Compensation and benefits don't actually keep employees engaged. So suggests global engagement agency ITA Group, which finds only 15 percent of adult employees are engaged with their employers, although organizations globally invest $18 billion per year on tools to boost said engagement. To find the missing piece in the puzzle, ITA's market-research subsidiary, Chadwick Martin Bailey, conducted a study into the psychological benefits that drive employee loyalty.
Published last week, the study of 1,500 full-time employees at U.S.-based companies found that there are five types of psychological benefits that drive employee engagement: functional, emotional, personal identity, social identity and cultural identity. The latter three, collectively known as "identity benefits," are especially important, found the study, which said companies that want to retain their best workers must "continually foster employees' pride, self-esteem and sense of belonging."

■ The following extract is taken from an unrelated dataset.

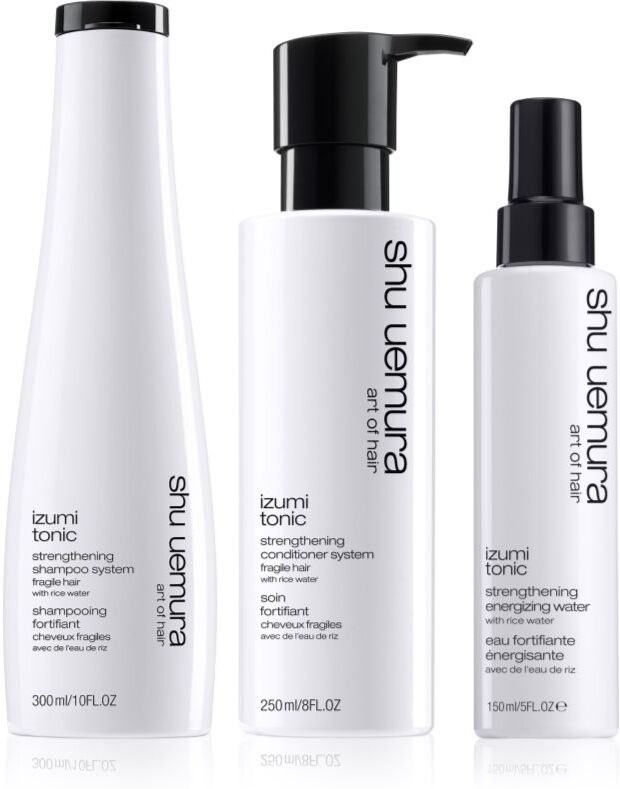 Shu Uemura Izumi Tonic conditionnement avantageux pour fortifier les cheveux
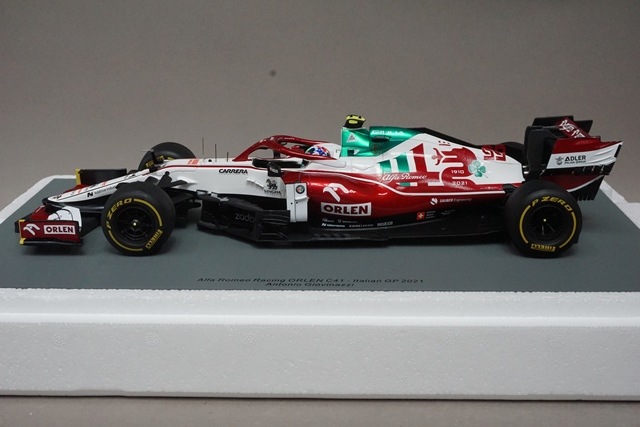 1/18 スパーク 18S603 アルファロメオ レーシング ORLEN C41 イタリア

Instead of motivating employees with external rewards exclusively, the study suggests that companies must also motivate employees with internal rewards.
"This is in line with what social science teaches us about the kinds of things that motivate behavior," said Erica Carranza, Ph.D., vice president of consumer psychology at CMB and coauthor of the study. "Employees across tenure, level and role are motivated by the psychological benefits we identified in this research -- and the companies with programs in place to deliver these benefits will reap the rewards of a dedicated workforce."
Added Christina Zurek, insights and strategy leader at ITA Group, "This research shows that companies can't stop at benefits like compensation packages and work/life balance to truly inspire and engage their workforce. And while making a bigger push for wellness programs and similar initiatives can help, the most powerful investment a company can make in order to engage employees is to nurture emotional and identity benefits."